Task requirements: Would you retype each of the records exactly as shown?

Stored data
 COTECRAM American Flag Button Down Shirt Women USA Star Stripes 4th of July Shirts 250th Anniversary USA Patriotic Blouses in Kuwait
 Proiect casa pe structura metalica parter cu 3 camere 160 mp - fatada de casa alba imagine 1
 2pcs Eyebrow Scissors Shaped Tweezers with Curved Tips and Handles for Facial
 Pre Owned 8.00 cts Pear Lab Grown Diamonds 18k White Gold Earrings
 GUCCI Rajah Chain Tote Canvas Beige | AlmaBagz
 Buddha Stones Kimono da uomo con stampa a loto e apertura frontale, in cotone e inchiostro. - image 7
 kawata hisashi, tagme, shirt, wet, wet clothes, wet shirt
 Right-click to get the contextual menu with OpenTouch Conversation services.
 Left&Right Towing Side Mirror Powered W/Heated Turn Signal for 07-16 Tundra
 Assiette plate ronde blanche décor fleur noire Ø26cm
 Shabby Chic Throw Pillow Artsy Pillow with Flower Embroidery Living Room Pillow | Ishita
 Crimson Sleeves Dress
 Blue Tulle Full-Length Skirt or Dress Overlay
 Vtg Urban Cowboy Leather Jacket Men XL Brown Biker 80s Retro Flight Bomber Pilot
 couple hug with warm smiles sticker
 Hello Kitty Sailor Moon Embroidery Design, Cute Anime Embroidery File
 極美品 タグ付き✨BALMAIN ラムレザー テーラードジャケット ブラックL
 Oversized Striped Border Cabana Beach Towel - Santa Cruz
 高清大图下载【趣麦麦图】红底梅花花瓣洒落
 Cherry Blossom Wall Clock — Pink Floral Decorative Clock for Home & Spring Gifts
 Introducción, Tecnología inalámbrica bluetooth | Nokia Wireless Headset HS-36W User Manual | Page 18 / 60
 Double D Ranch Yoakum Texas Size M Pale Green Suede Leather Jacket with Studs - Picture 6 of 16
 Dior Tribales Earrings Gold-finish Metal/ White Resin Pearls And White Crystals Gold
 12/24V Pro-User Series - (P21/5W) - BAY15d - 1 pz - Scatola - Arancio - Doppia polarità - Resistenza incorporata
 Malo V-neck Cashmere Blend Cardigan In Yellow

Solved problem:
 COTECRAM American Flag Button Down Shirt Women USA Star Stripes 4th of July Shirts 250th Anniversary USA Patriotic Blouses in Kuwait
 Proiect casa pe structura metalica parter cu 3 camere 160 mp - fatada de casa alba imagine 1
 2pcs Eyebrow Scissors Shaped Tweezers with Curved Tips and Handles for Facial
 Pre Owned 8.00 cts Pear Lab Grown Diamonds 18k White Gold Earrings
 GUCCI Rajah Chain Tote Canvas Beige | AlmaBagz
 Buddha Stones Kimono da uomo con stampa a loto e apertura frontale, in cotone e inchiostro. - image 7
 kawata hisashi, tagme, shirt, wet, wet clothes, wet shirt
 Right-click to get the contextual menu with OpenTouch Conversation services.
 Left&Right Towing Side Mirror Powered W/Heated Turn Signal for 07-16 Tundra
 Assiette plate ronde blanche décor fleur noire Ø26cm
 Shabby Chic Throw Pillow Artsy Pillow with Flower Embroidery Living Room Pillow | Ishita
 Crimson Sleeves Dress
 Blue Tulle Full-Length Skirt or Dress Overlay
 Vtg Urban Cowboy Leather Jacket Men XL Brown Biker 80s Retro Flight Bomber Pilot
 couple hug with warm smiles sticker
 Hello Kitty Sailor Moon Embroidery Design, Cute Anime Embroidery File
 極美品 タグ付き✨BALMAIN ラムレザー テーラードジャケット ブラックL
 Oversized Striped Border Cabana Beach Towel - Santa Cruz
 高清大图下载【趣麦麦图】红底梅花花瓣洒落
 Cherry Blossom Wall Clock — Pink Floral Decorative Clock for Home & Spring Gifts
 Introducción, Tecnología inalámbrica bluetooth | Nokia Wireless Headset HS-36W User Manual | Page 18 / 60
 Double D Ranch Yoakum Texas Size M Pale Green Suede Leather Jacket with Studs - Picture 6 of 16
 Dior Tribales Earrings Gold-finish Metal/ White Resin Pearls And White Crystals Gold
 12/24V Pro-User Series - (P21/5W) - BAY15d - 1 pz - Scatola - Arancio - Doppia polarità - Resistenza incorporata
 Malo V-neck Cashmere Blend Cardigan In Yellow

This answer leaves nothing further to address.